#Scrabble Word Suggester This project is a response to the following challenge:

Build a word suggestion engine for Scrabble that takes in a given substring and returns the top K scoring scrabble words that contain that substring. Ex given "et", we want to find the top K scoring scrabble words that contain "et" anywhere in the word.
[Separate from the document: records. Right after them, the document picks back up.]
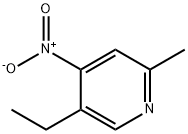 5-乙基-2-甲基-4-硝基吡啶 结构式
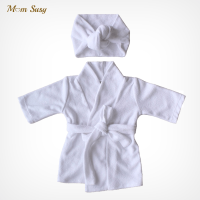 Newborn Baby Boy Girl Robe Set 100 Cotton Toweling Terry Infant Bathrobe Hooded Sleeprobe With Headwear Home Suit 0-2Y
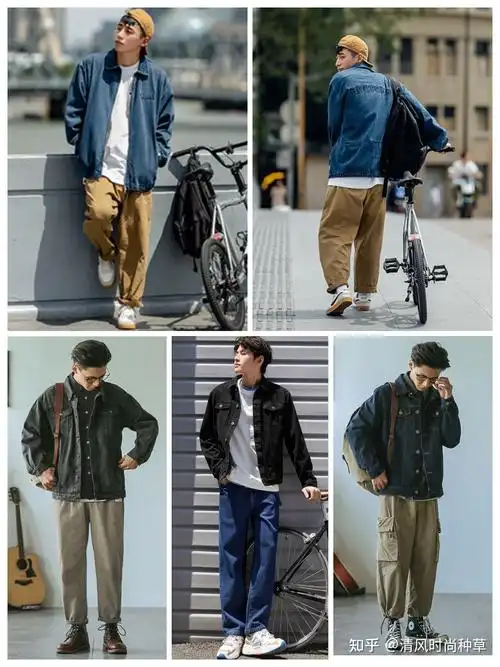 搭配一牛仔外套 黑色小脚裤 黑色小脚裤是之前介绍过很多次的一款裤子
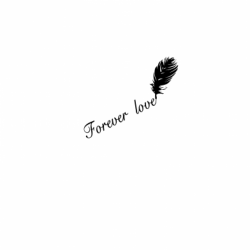 Hình Khắc Forever Love Lông Vũ - Mã SP: ZPK0152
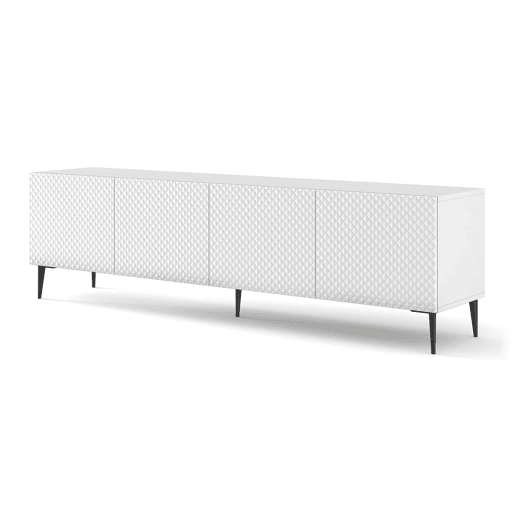 Suporte de TV de 4 portas Philaé Branco 200 cm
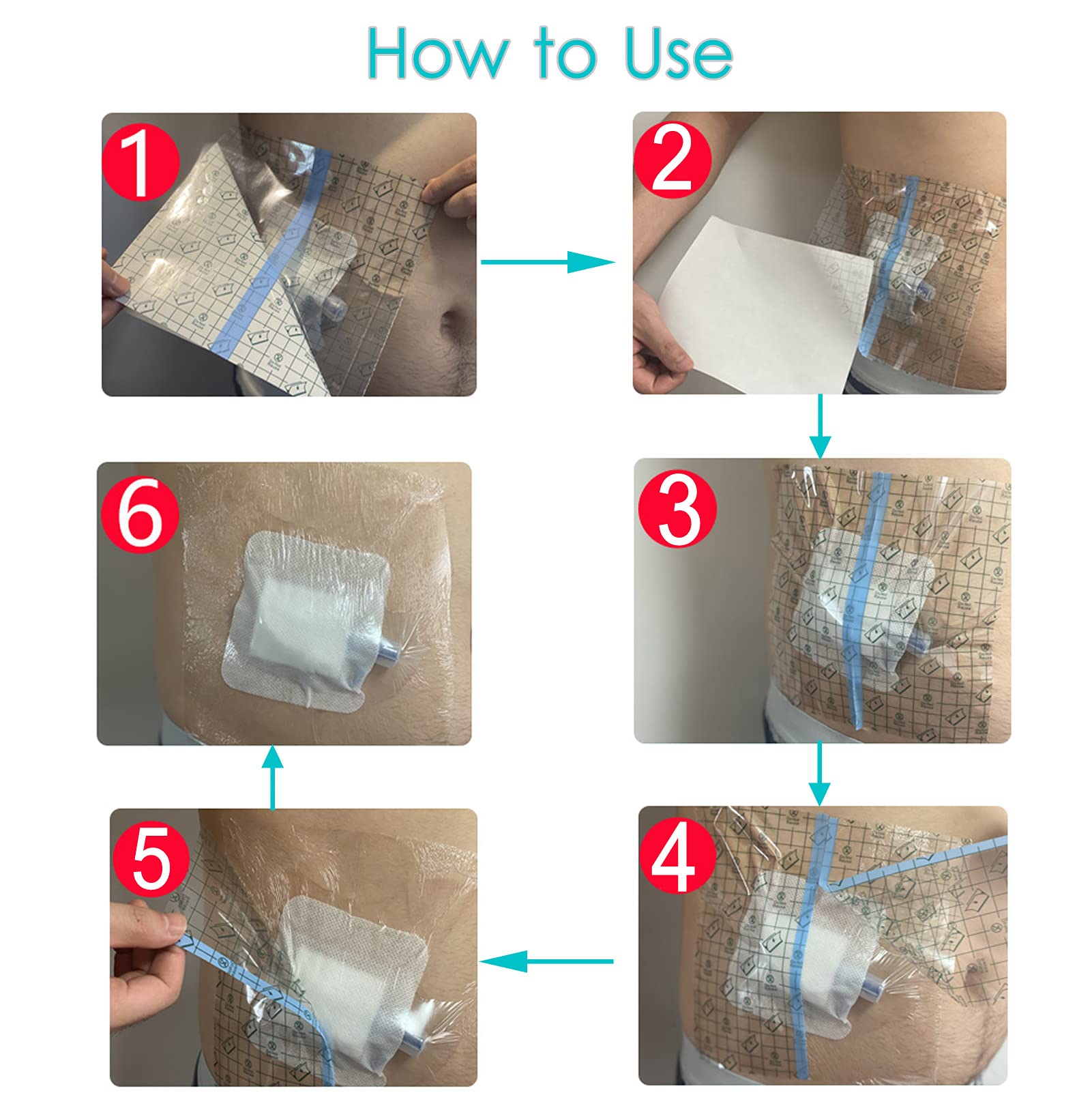 SinaiSea easy-to-use waterproof shield makes showers worry-free.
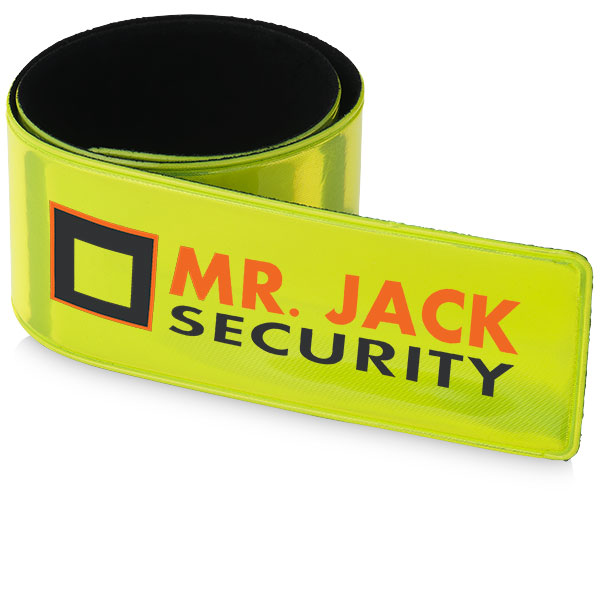 P169 Hitz Reflective Slapwrap Wristband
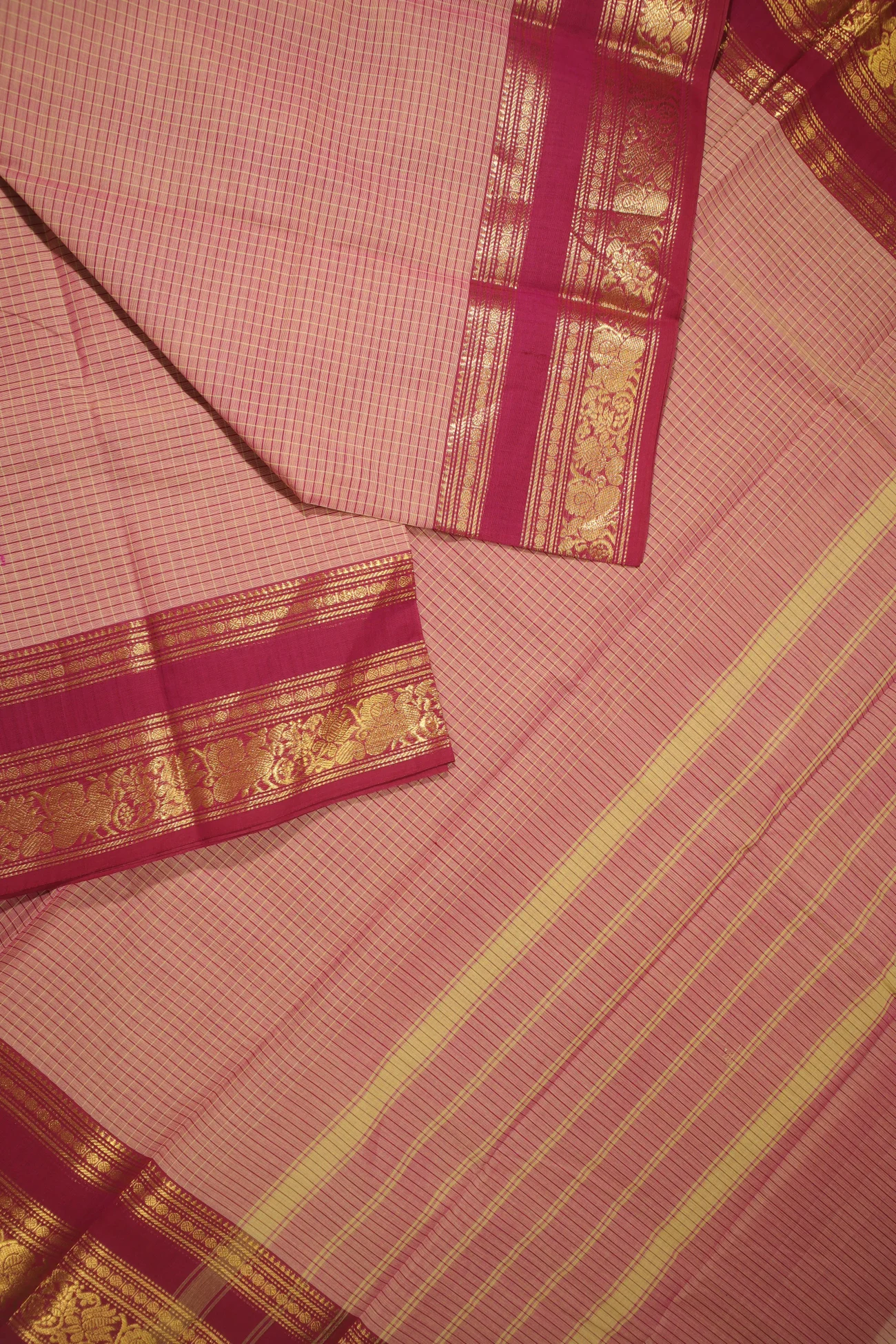 pale-violet-red-peacock-ruthratcham-checked-saree-ck002569-b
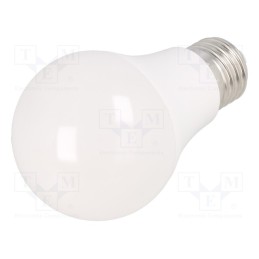 10 pcs : LD-PZ3A60-10W - LED lamp, cool white, E27, 230VAC, 900lm, 9.5W, 220°, 6400K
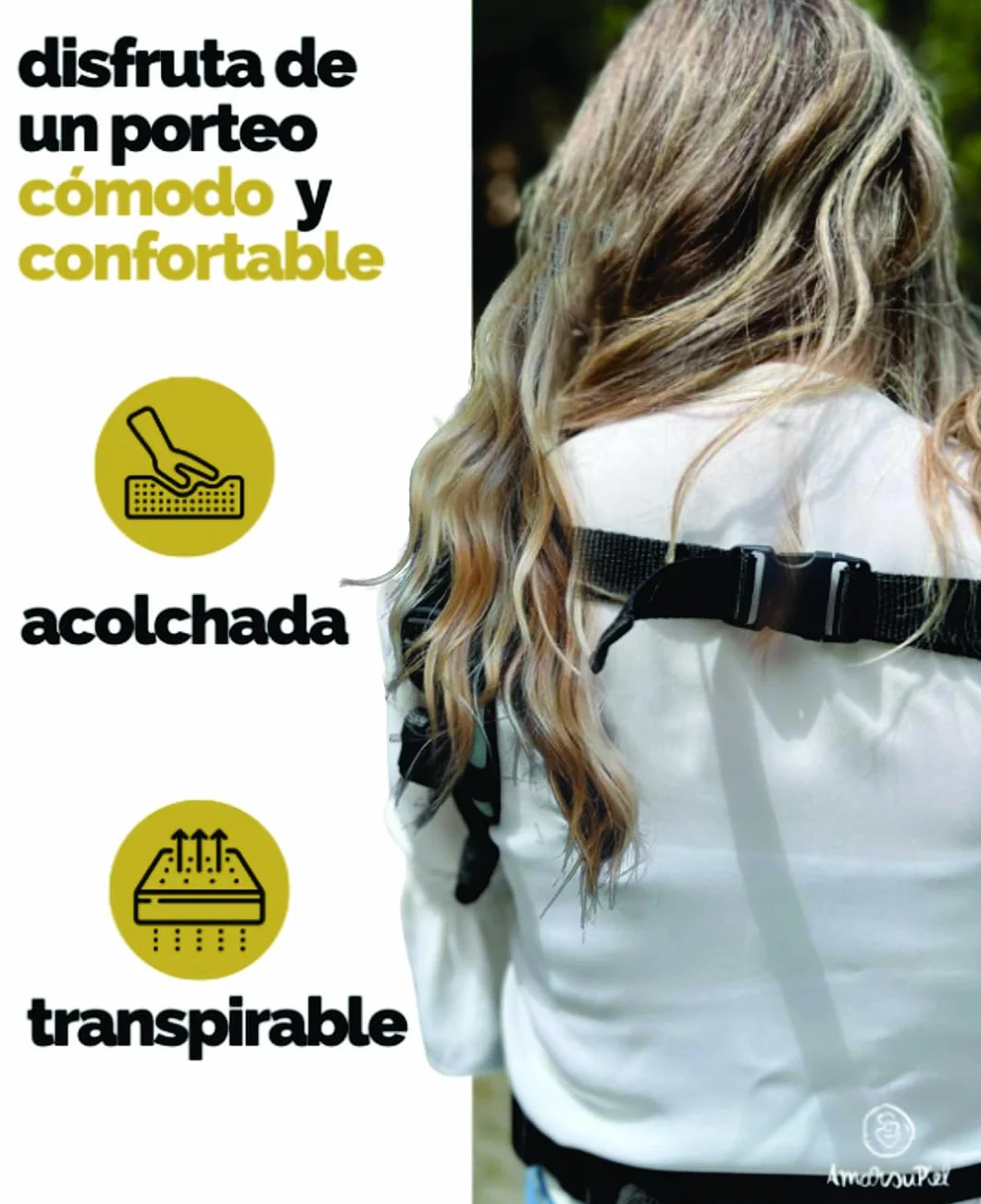 Mochila Porteo Bebe Evolutiva y Ergonomica Portabebes Recien Nacido Algodon Organico Transpirable Mint Liso
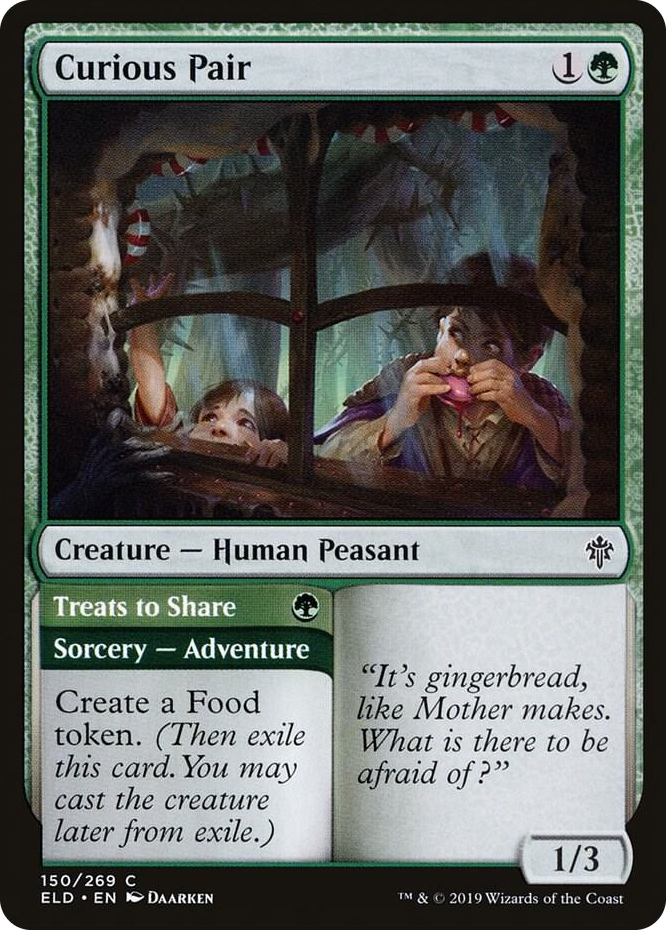0150 Curious Pair C Throne of Eldraine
Please use the following scores for the letters and the dictionary provided: 
1 Point   - A, E, I, L, N, O, R, S, T and U.
2 Points  - D and G.
3 Points  - B, C, M and P.
4 Points  - F, H, V, W and Y.
5 Points  - K.
8 Points  - J and X.
10 Points - Q and Z.

**Restrictions**:
* Do not use any database, search libraries or scrabble libraries
* The index must be built on disk 

**Objective**
* Optimize for the speed of the suggester

**Interface**
The suggestion engine should be invoked from the unix shell like this:
    scrabble-indexer word-list-file => reads the word list and builds on-disk index
    scrabble-suggester Q K => returns the top K words that match the Query Q, sorted by their scores

##Example:

./scrabble-suggester cat 10

-> disqualifications
-> exemplifications
-> disqualification
-> excommunicating
-> excommunications
-> exemplification
-> excommunicated
-> excommunication
-> catheterization
-> excommunicates

##Contents

• scrabble-suggester: queries the index, returning the top K words for the query, Q
• scrabble-indexer: builds on-disk index
• analysis.md: analyzing performance characteristics of the program
• scrabble.py: helper functions used by both indexer and suggester
• queries.py: query generation
• trials.py: performance timing
• tests.py: unit tests
• scrabble_dictionary.txt: sample Scrabble dictionary for use with indexer

##Requirements

• matplotlib and numpy are required to run the tests and trials

##How it works ###Indexing The scrabble suggester creates an index of all 1..maxn-grams in the word list and stores them as key-value pairs where the key is the n-gram and the values are a sorted list of words matching that n-gram. Because of the requirements that the index be both on-disk and built without using a database, the file system is used as as a dictionary, where the file name is a key and the contents are the values.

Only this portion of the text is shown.